### TASK ITEM
Leaving out pictures, output exactly the lines below from the one that has "Men’s Technicals top - Image 2" through the one that has "ЧЕЛОВЕК ТЕНЬ В", and nothing else.

### EXTRACTED ENTRIES
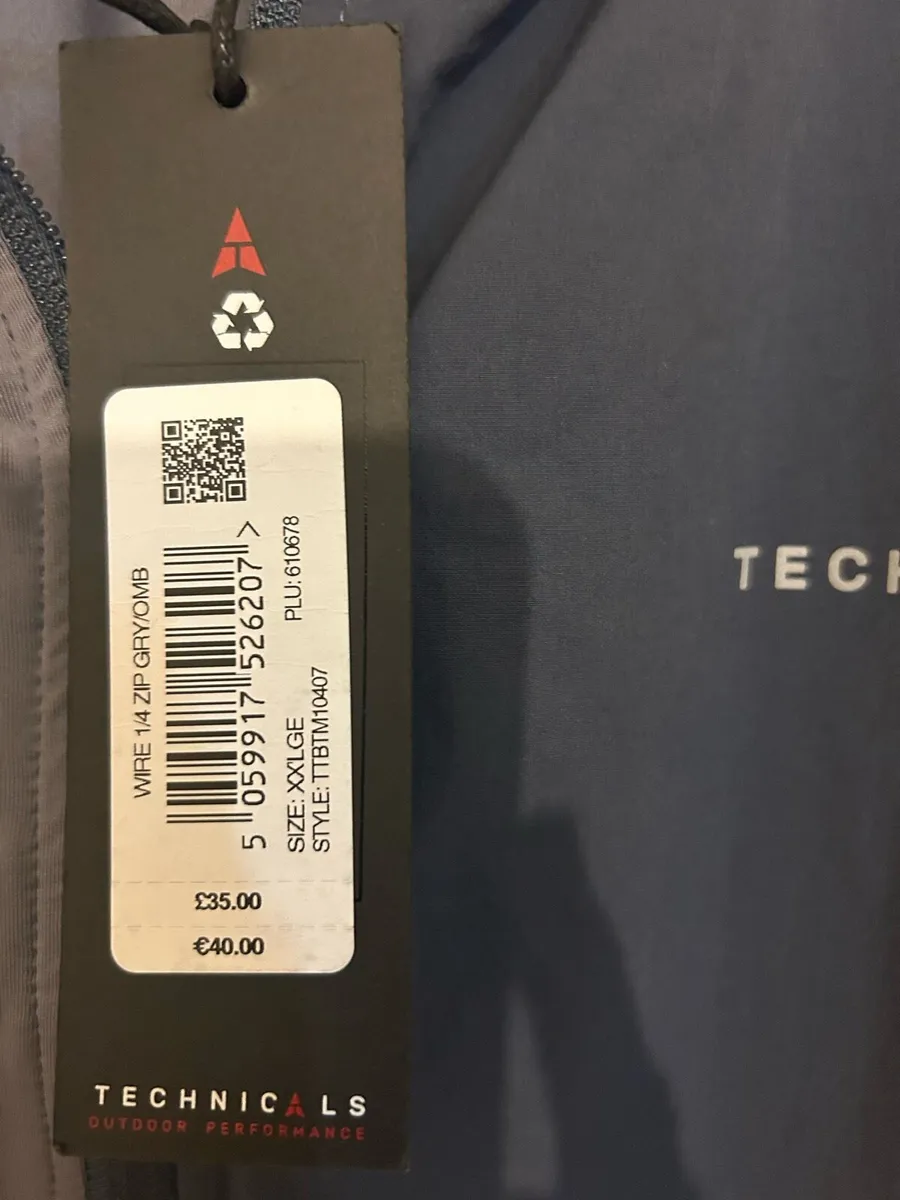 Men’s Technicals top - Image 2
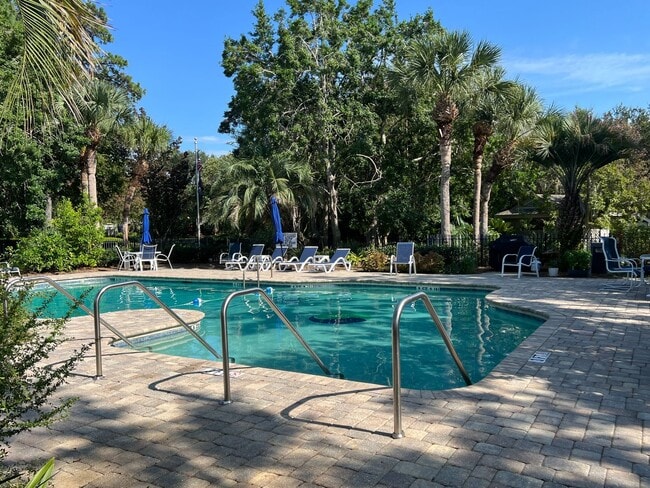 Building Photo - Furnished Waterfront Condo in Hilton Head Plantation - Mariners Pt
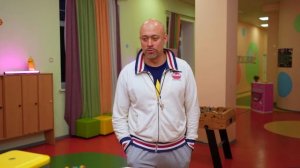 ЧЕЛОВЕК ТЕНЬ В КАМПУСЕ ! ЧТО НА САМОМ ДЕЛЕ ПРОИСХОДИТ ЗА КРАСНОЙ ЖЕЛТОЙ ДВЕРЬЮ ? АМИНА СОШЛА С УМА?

* * *

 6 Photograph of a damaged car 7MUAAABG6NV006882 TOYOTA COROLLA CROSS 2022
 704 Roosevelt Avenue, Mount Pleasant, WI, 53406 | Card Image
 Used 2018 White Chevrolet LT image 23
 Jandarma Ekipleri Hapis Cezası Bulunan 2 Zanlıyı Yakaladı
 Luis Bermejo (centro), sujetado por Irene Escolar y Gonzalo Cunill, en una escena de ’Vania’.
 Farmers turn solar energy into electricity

### FINISHED EXERCISE
 Men’s Technicals top - Image 2
 Building Photo - Furnished Waterfront Condo in Hilton Head Plantation - Mariners Pt
 ЧЕЛОВЕК ТЕНЬ В КАМПУСЕ ! ЧТО НА САМОМ ДЕЛЕ ПРОИСХОДИТ ЗА КРАСНОЙ ЖЕЛТОЙ ДВЕРЬЮ ? АМИНА СОШЛА С УМА?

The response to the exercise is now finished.